En effet, l’interférence, quasi automatique, de la règlementation applicable a priori et a posteriori au control technique des ouvrages industriels, est tellement vague et inextricable, de par sa technicité, que le législateur ait assuré aux autorités publiques de tutelle la mission de création des organes sectoriels, dont le rôle consiste à l’élaboration des normes, chacun de son domaine de prédilection, et veiller à leur stricte application. En conséquence, le juge a tout l’intérêt à ne pas contrarier ces normes que nous pouvons qualifiées de lois de police et se limiter à la révision quantitative.

Reconnaissant les frontières élargi dans le domaine de la construction, rien n’empêche que ce raisonnement soit appliqué mutadis mutandis, à d’autres situations similaires (même à caractère international) chaque fois qu’elles interpellent l’ordre public algérien.

Dans le même contexte, le juge pourra aller plus loin dans sa démarche et prononcer la résiliation du contrat, selon l’article 561§3 du Code civil, si la situation de bouleversement persisterait après la révision de l’obligation onéreuse, soit par réduction quantitative des travaux, soit par augmentation du prix du contrat. Tout ce pouvoir discrétionnaire d’examiner le contrat de plus près ne devient efficace, sauf si l’imprévisibilité de l’évènement sur l’équilibre contractuel est une question de fait qui relève de l’appréciation souveraine des juges du fond qui en détermineront.

Il semble légitime d’indiquer que l’article 107§3 se distingue visiblement par rapport à d’autres systèmes juridiques, à l’instar du Code civil français, peu importe avant ou après sa modification, en 2016, avec l’introduction par l’article 1195 de l’imprévision, en deux points :

a) Selon le dernier alinéa de l’article 107§3, les parties ne peuvent pas y déroger et son contenu est d’ordre public « toute convention contraire est nulle », en comparaison avec l’article 1195 du Code civil français, qui a un caractère supplétif, et

b) Le juge algérien n’hésite pas à s’en mêler pour déterminer le devenir du contrat à chaque fois les circonstances lui en permettraient. Une parfaite illustration du l’adage « rebus sic stantibus », où son homologue français reste fidèle au « pacta sunt srevenda », si nous excluons, bien entendu, les contrats des marchés publics et les contrats internationaux régis par le droit administratif français et une loi étrangère respectivement.

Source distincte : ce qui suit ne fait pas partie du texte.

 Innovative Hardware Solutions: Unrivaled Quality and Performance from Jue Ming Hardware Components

Dans le même esprit comparatiste, la distinction entre contrats de droit privé et ceux de marchés publics est sans incidence, en droit algérien, avec une préférence aux entreprises privées, titulaires de marchés publics. En cas de bouleversement de l’économie du contrat dû à l’accroissement anormal des prix des matériaux, l’autorité publique par le biais des directives administratives obligent les parties de réadapter l’équilibre, sauf pour les cas nécessitant l’intervention du juge. Par contre, cette distinction est pertinente en droit français.

Conclusion :

Loin des tentatives de neutralisation ayant pris pour cible le principe de l’autonomie, qui malgré les carences observées, constitue sans aucun doute la plateforme irremplaçable pour la naissance des relations et au-delà. Ainsi, en cas de bouleversement du contrat, ce phénomène doit d’être isoler pour ne pas mettre toute la relation en péril et le traiter par un remède interne, car la pratique contractuelle est riche d’enseignement en la matière, le cas échéant, faire recours à un remède externe, qui est la loi.

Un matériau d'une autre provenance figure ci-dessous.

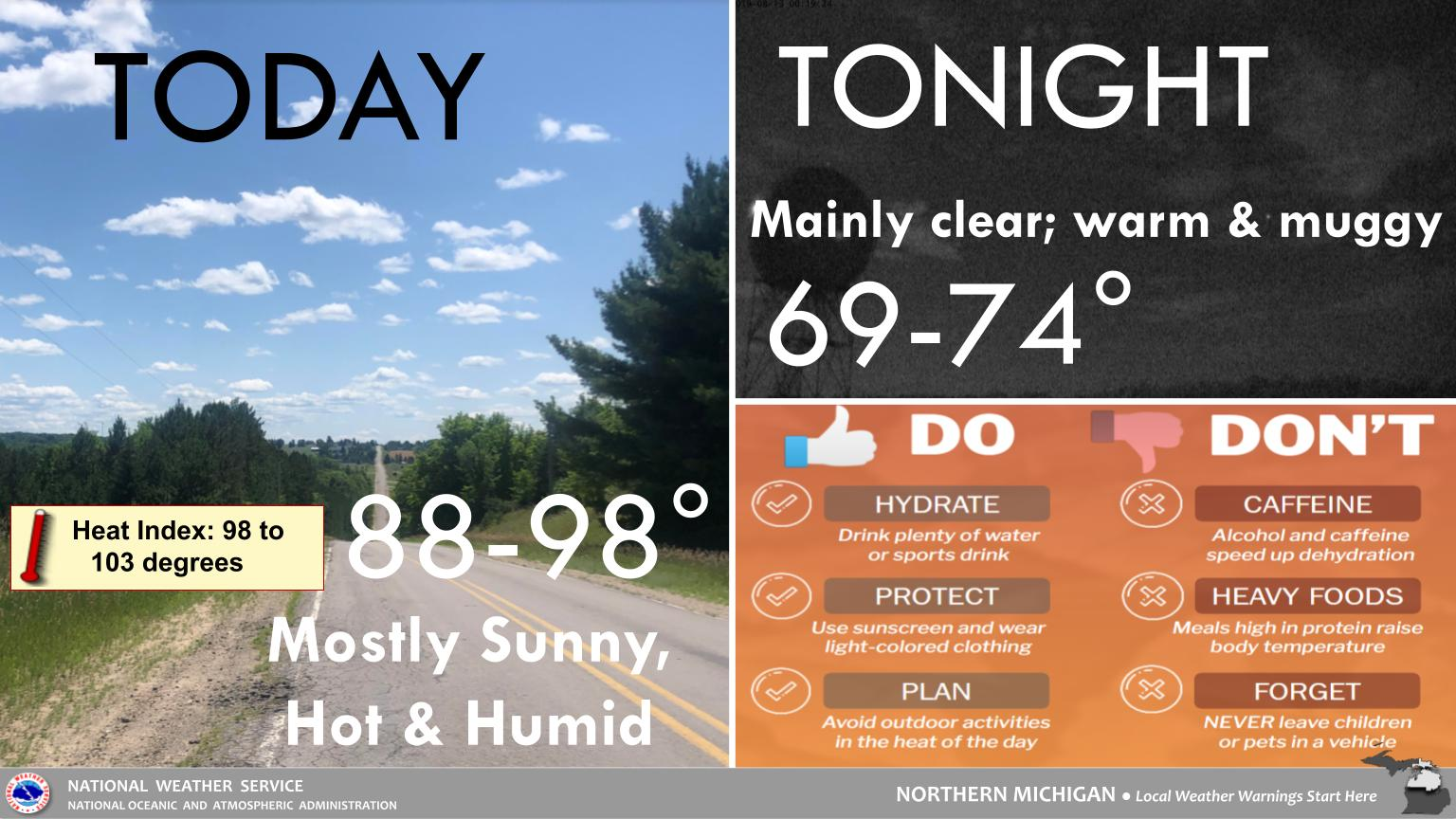 Triple digit heat indices possible for northern Michigan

Maître Boukider Samir (LL.M International Business Law - ULB Brussels) Avocat à la cour Barreau de Blida (Algérie) [->samirboukider@gmail.com]

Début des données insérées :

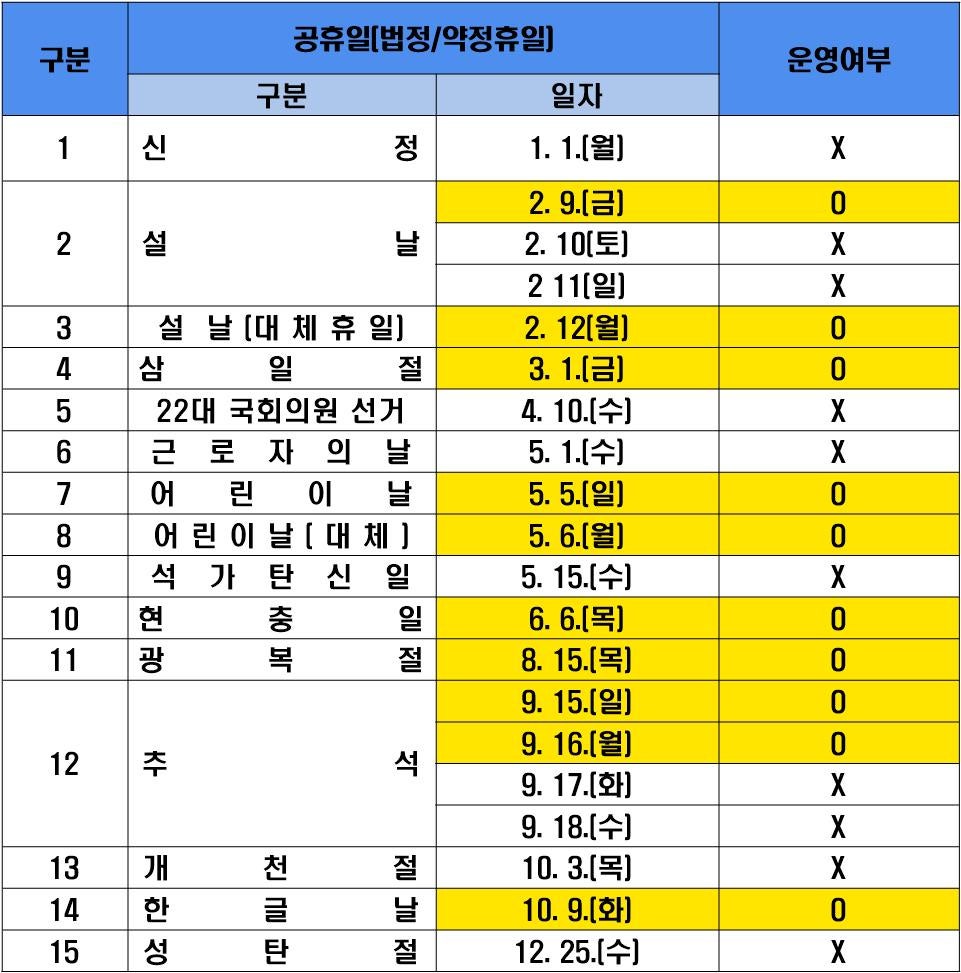 상무대쇼핑타운 이미지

[1Article 106 stipule : « Le contrat fait la loi des parties. Il ne peut être révoqué, ni modifié que de leur consentement mutuel ou pour les causes prévues par la loi ».

[2Arrêt de la chambre civile de la Cour suprême, n°324034 du 21/07/2007, La Revue de la Cour Suprême n°1-2007, page 211.

[3Arrêt de la chambre civile de la Cour suprême, n°99649 du 10/10/1993, la Revue Judiciaire n°1-1994, page 217.

[4Arrêt de la chambre civile de la Cour suprême n°191705, du 24/10/1999, la Revue Judiciaire n°2- 1999, page 95.

[5Articles 75 et 125 et suivants du Code des procédures civiles et administratives « mesures d’instructions » et « expertise » respectivement.